Nobel Prize-winning poet Derek Walcott spoke to more than 200 students about poetry in an “un-poetic age” last week, kicking off the University’s 25th Honors Symposium.

“What is un-poetic about this age is brutality and conditioned indifference,” he said. “We can flip from a cereal ad to a famine in Africa on TV. Huge suffering is made minimal by the very technology that records it.”

Walcott said one of the problems with modern American poetry is its sole focus on how American society exists today.

“There aren’t too many American poems about the Holocaust or global hunger,” he said.

He also said American poets should write about the persecution of Native Americans but they tend to avoid the topic.

“A poet must absorb the idea of guilt as a reality of the American experience before the poet can write about the American experience,” he said.

Walcott also discussed the state of American art, saying it suffers from a condition of “almostness.”

“Most work is on the edge of becoming art,” he said. “The mass industry in music, cinema and novels stays in the area of almost art. All art has to do with the sadness of the human condition.”

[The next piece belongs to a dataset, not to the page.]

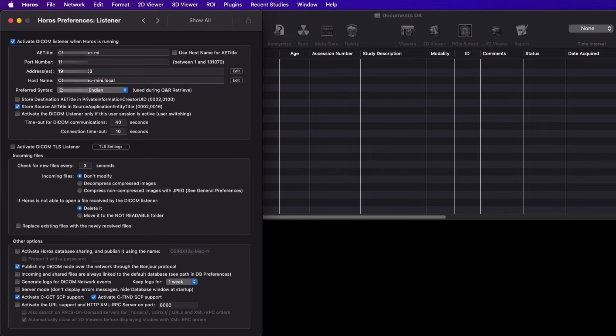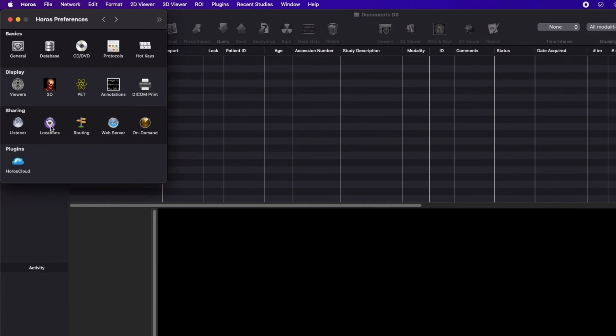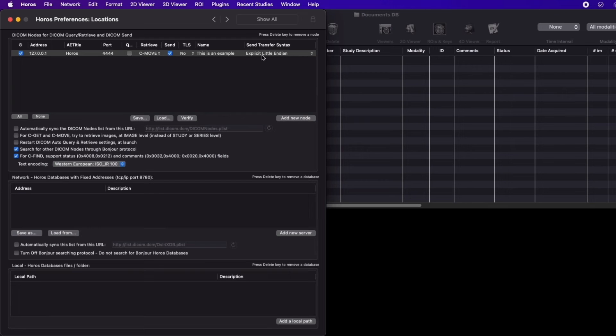Next, in the listener settings, set the AE title and port number for Horos. You also have the option to configure TLS settings for DICOM-based listeners.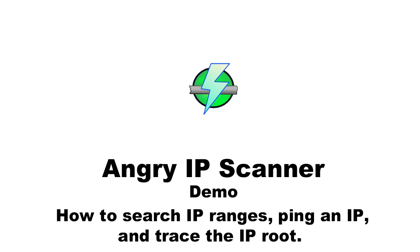I am going to demonstrate how to search the IPs within a certain range, then how to ping any specific IP, and finally will demonstrate how to trace the root of any specific IP. So, let's start.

During his hour-long speech, Walcott read his poems “Elsewhere,” “The Migrants” and one that will be published in his next collection.

Walcott spent an additional 30 minutes answering audience questions.

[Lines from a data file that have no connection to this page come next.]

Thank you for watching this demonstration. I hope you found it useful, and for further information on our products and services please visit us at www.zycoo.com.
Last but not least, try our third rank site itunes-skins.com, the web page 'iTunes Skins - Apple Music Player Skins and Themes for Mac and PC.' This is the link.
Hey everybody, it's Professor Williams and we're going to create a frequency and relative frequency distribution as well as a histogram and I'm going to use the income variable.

One student asked what advice he would give young writers.

“Don’t give it up for anything,” he said. “The more you apprentice yourself to a master the more you become yourself. Doing your own thing is the American way, but it doesn’t work.”

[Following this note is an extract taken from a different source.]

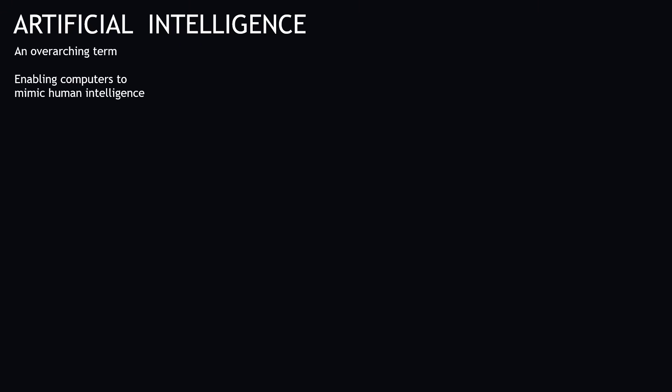At the top level, we have artificial intelligence, and AI has actually been around for a long time, since the 1950s. It's kind of an overarching term that means we're enabling computers to mimic human intelligence. An image that might come to mind is a computer playing chess against a human.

Another student asked how Walcott knows what a good poem is.

“You feel a translation from yourself into the poem,” he said. “You are dissolved into something beyond your mortality.”

Several students in attendance said they felt a connection with Walcott and liked his attitude towards poetry.

“His views about poetry nowadays are different from the norm,” sophomore Ian Hamilton said. “It was interesting to hear about the topic from an artistic perspective.”

The event launched this semester’s Honors Symposium, which the Honors Program holds each semester. Honors students receive credit for attending the three-day symposium that begins with a speech open to the public.

This semester marks the first time a poet has spoken at the symposium.

Senior Kristen Eckert, a coordinator for the symposium, said past speakers include attorney Alan Gerson, Harvard University professor E. O. Wilson, and political scientist Francis Fukuyama.

“This year is something different and original,” Eckert said.

Peter Rollberg, symposium organizer and associate professor of Slavic and film studies, said students asked for someone who would speak about culture.

“One can live without poetry, but I find that life is much richer and more fulfilling with poetry in it,” Rollberg said. “We can engage in an emotional aesthetic that does not have a primary bearing on our lives but still is important in other ways.”

“I think (Walcott) is a living testament to the impulse to keep creating,” said Donna Scarboro, assistant vice president for special academic programs. “He is very true and direct.”